The in situ AFM images of the nonbiased sample are shown in Fig. 2a–f up to 28.7 min of corrosion. All in situ AFM images of the nonbiased sample can be found in Supplementary Fig. 1 in the supporting information. The corrosion pits appeared between 2.2 min and 4.4 min, after which the number of corrosion pits increased, and the size growth of those pits was also analyzed by in situ AFM. Six individual pits of the nonbiased sample were selected, as shown in Fig. 2b, to quantitatively characterize the corrosion kinetics. The representative depth and width profiles of Pit #1 and Pit #3 in Supplementary Fig. 2 showed both the depth and the width of these two pits increased as the corrosion time increased.

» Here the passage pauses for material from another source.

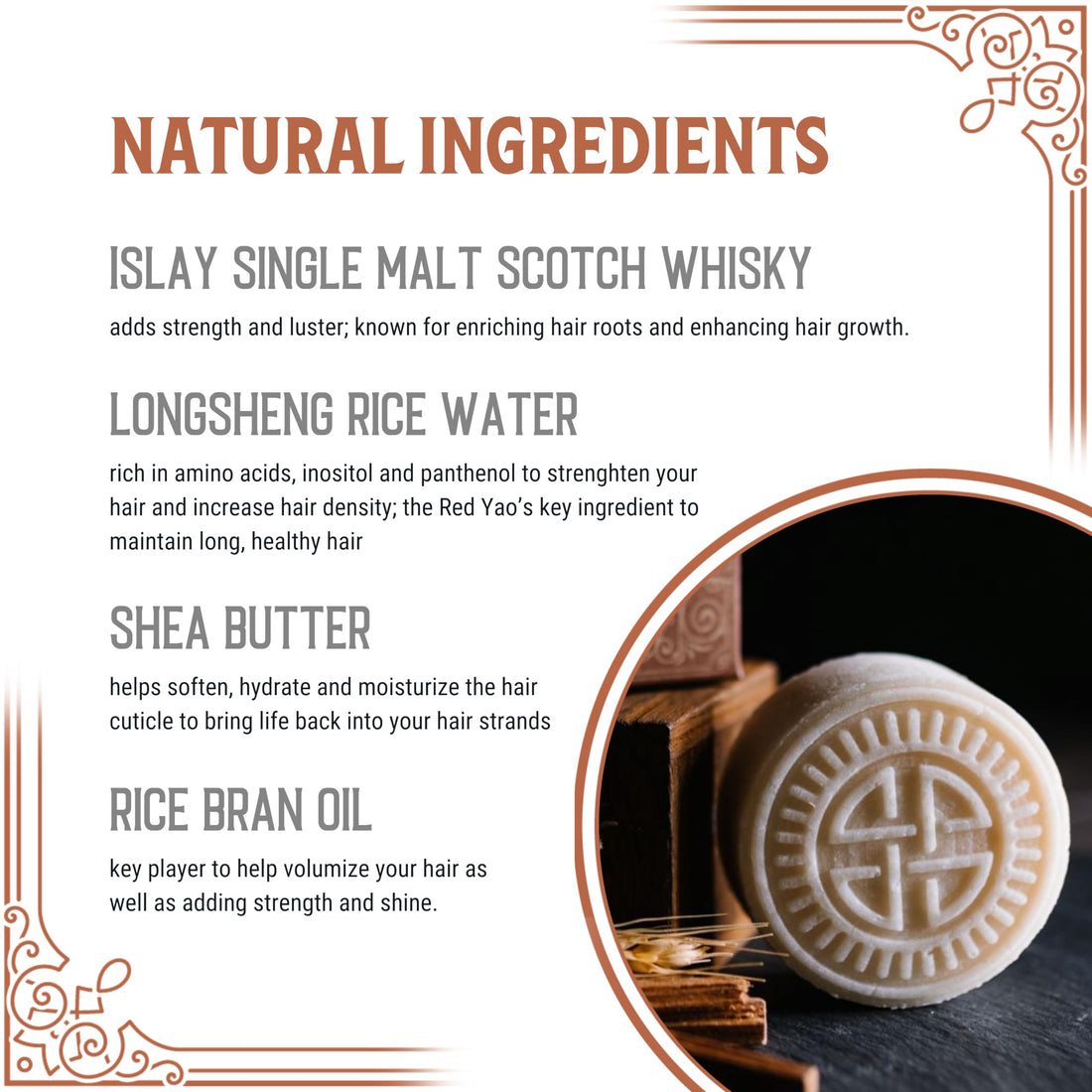 Viori Hamish & Co. Shampoo Bar - Aged Sandalwood - Shampoo for Men - Handcrafted with Scottish Islay and Whiskey Infused - Made from Natural Ingredients - Sulfate, Paraben, Cruelty, and Plastic-Free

The evolution of depth and width of six individual pits as a function of time is presented in Fig. 2g and h. Within 30 min, the width and depth of these isolated pits continuously increased with corrosion time. The largest growth rate and pit width were found in Pit #1, which is near the GB, as shown in Supplementary Fig. 1. The location of GB is highlighted by the yellow dashed line in Fig. 2a. The sizes and number densities of etching pits at different grains appeared to vary considerably, which could be attributed to the influence of different crystallographic orientations on the nucleation and corrosion rates. It was also observed that nucleation of the first pit occurred at the GB, and this pit grew into the largest one in the scanned area due to its longer corrosion time and faster corrosion rates. The pit number density in Fig. 2i indicates that pit initiation was fast in the early stage, and there were no new pits formed after 20 min. The evolution of total pitting area in the AFM scanned region is shown in Fig. 2j as a result of pit size (width) and number density.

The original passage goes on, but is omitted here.